* [WHAT YOU ARE ASKED TO DO]: Find the line that contains "this 600×333 image." in the records below, then repeat exactly that line and each one after it, leaving pictures out.

* [INFORMATION SUPPLIED]:
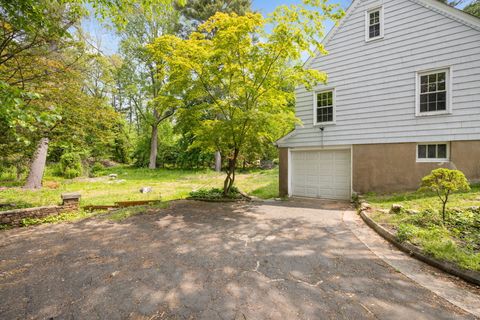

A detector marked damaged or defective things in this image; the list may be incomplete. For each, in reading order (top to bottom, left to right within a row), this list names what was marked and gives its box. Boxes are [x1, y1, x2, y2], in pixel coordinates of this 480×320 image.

cracked pavement [0, 199, 474, 318]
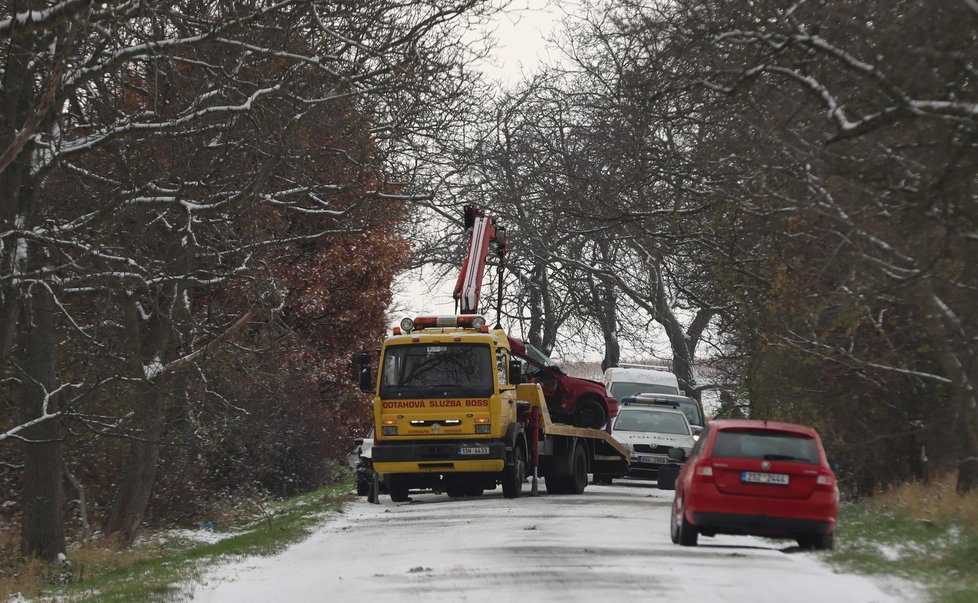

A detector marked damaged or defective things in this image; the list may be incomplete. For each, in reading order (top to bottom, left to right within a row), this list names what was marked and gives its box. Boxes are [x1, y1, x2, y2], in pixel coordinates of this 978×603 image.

red damaged car [668, 422, 836, 548]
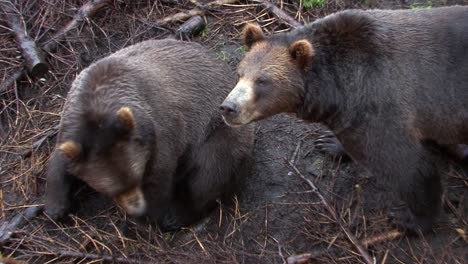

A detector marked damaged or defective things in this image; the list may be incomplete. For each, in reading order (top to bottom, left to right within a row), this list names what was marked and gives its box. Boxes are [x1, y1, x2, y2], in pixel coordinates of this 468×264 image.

broken stick [1, 2, 48, 78]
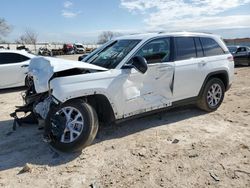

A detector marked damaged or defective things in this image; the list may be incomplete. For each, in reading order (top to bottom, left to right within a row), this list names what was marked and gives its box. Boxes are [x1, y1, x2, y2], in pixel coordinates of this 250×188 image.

crumpled hood [29, 56, 107, 93]
wrecked vehicle [11, 32, 234, 152]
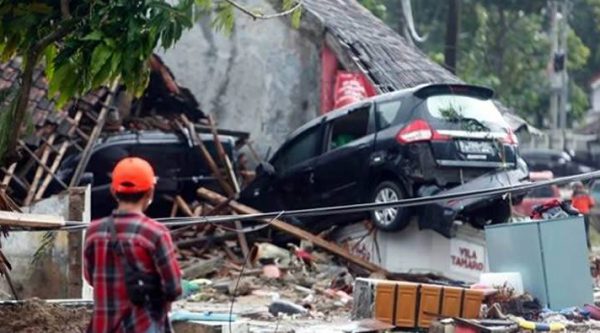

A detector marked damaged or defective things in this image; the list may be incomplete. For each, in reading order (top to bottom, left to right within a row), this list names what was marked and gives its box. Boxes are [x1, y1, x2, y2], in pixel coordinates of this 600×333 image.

damaged roof [302, 0, 462, 92]
broken wooden beam [0, 210, 63, 228]
broken wooden beam [199, 187, 392, 274]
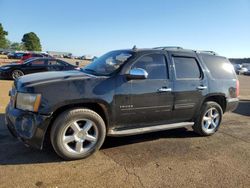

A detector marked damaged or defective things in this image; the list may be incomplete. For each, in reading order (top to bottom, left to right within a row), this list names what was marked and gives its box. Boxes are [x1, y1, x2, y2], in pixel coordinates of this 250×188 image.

damaged front bumper [5, 103, 52, 149]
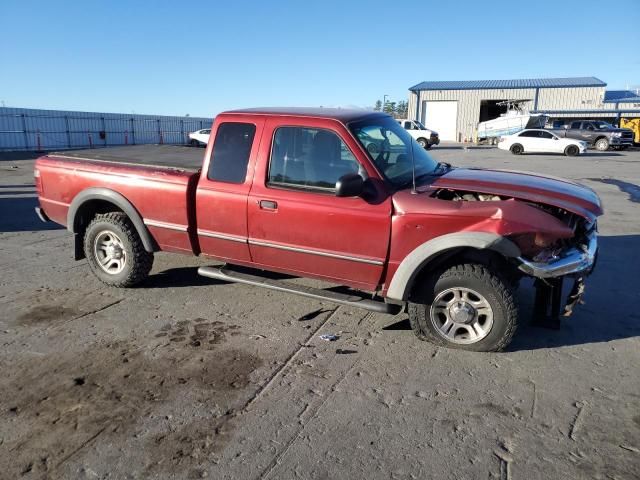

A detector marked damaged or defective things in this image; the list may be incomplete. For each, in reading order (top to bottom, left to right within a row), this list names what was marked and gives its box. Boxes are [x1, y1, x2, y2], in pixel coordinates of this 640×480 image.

crumpled hood [424, 167, 604, 221]
damaged front end [430, 186, 600, 324]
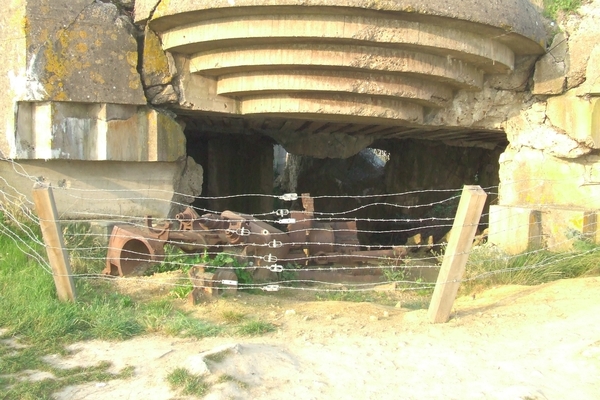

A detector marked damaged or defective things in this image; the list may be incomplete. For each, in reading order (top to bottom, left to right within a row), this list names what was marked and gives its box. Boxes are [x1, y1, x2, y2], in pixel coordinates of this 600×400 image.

rusted artillery remains [103, 194, 406, 282]
rusty metal debris [104, 194, 408, 282]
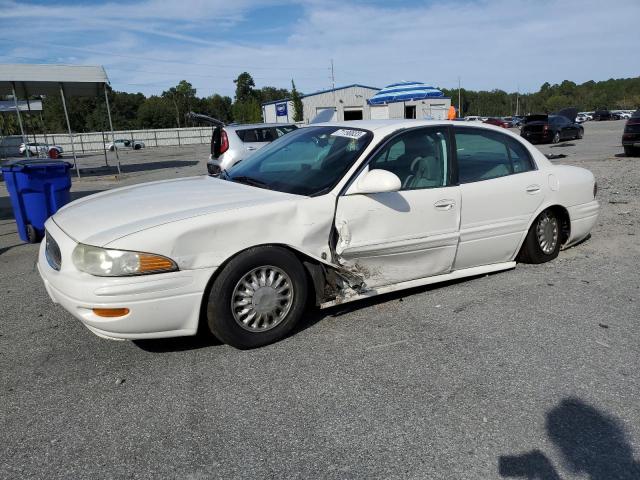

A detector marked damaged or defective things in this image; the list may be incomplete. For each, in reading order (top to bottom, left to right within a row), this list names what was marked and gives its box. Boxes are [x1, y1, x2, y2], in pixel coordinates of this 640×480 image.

damaged rear door [336, 125, 460, 286]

* [RESPONSE]:
A detector marked damaged or defective things in this image; the list may be incomplete. For each, in reading order (top to bottom, left to right within a row), this list names what was marked and gives its box. Boxes are [x1, y1, x2, y2], in pixel coordinates of this 600×333 image.

damaged roof [302, 0, 462, 92]
broken wooden beam [0, 210, 63, 228]
broken wooden beam [199, 187, 392, 274]

A detector marked damaged or defective things in this image; the list may be incomplete. For each, in reading order (top to bottom, left to right within a row), this list names what was marked and gives its box. Boxes are [x1, y1, x2, y2], in pixel coordinates of this 250×188 image.

damaged front bumper [5, 103, 52, 149]

A detector marked damaged or defective things in this image; the list may be incomplete. For each, in reading order (top to bottom, left to right within a row), this list names what was marked and gives its box. Boxes are [x1, y1, x2, y2], in pixel coordinates of this 640×480 image.

crumpled hood [424, 167, 604, 221]
damaged front end [430, 186, 600, 324]

A detector marked damaged or defective things in this image; the list may be incomplete. For each, in reading order (top to bottom, left to right within a row), this list names what was marked and gives its box. Boxes are [x1, y1, x2, y2], in pixel coordinates of this 600×400 image.

rusted artillery remains [103, 194, 406, 282]
rusty metal debris [104, 194, 408, 282]

A detector marked damaged or defective things in this image; the list may be incomplete. For each, in reading order (top to bottom, left to right within a row), this list names what was marked and gives its box. Boxes are [x1, y1, x2, y2], in pixel coordinates of this 640×480 image.

damaged rear door [336, 125, 460, 286]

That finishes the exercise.